The number of YouTube videos employees watch is not exactly the kind of number tracked by corporate analysts or released by companies. Suffice to say, on the evidence of being a human being in the white-collar workforce, I have long been sure that the number of YouTube videos watched on the clock is astronomical, belonging to the category of numbers so large that you should write them like this: 107

But it's hard to calculate. There are too many confounding variables. YouTube says it streams more than 4 billion videos per day, with about 40 percent coming from the US, so 1.6 billion American streams each day. Let's assume there are 300 million Americans who all watch exactly the same amount of videos each day.

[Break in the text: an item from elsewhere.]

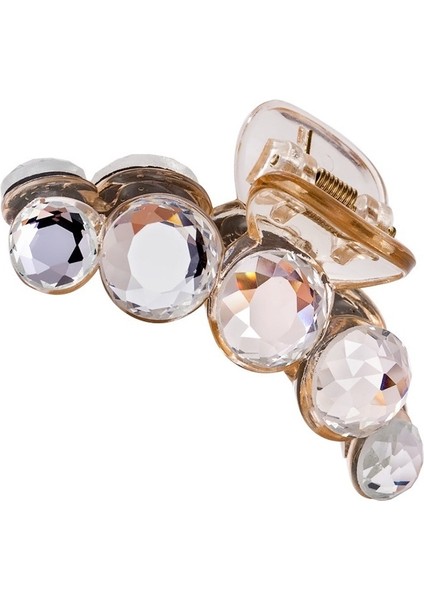 Beyaz Stil Kadın Kristal Plastik Saç Tokası Yengeç Kelepçe Barrettes Şık Üst Klip Saç Tokası (Yurt Dışından) indirimleri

That'd be five per day per person in the United States. But how many come outside of work? How many come from the country's 55 million white-collar workers during the hours between 8 and 6pm? We just can't know. 

But, a factlet in a Wall Street Journal article on retailer J.C. Penney's struggles confirms that, under the right circumstances, desk jockeys can be extreme consumers of online video:

During January 2012, the 4,800 employees in Plano had watched five million YouTube videos during work hours, said Michael Kramer, a former Apple executive brought in by Mr. Johnson as chief operating officer.

As New York Times Magazine Hugo Lindgren noted on Twitter, that's 50 videos per person per day. J.C. Penney's Chief Operating Officer called the company's culture at the time "pathetic." But I wouldn't be surprised if the white-collar worker average was 10 videos a day or even more. Nine hours a day is a long time to stare at a screen and Aunt Laura keeps sending such funny clips!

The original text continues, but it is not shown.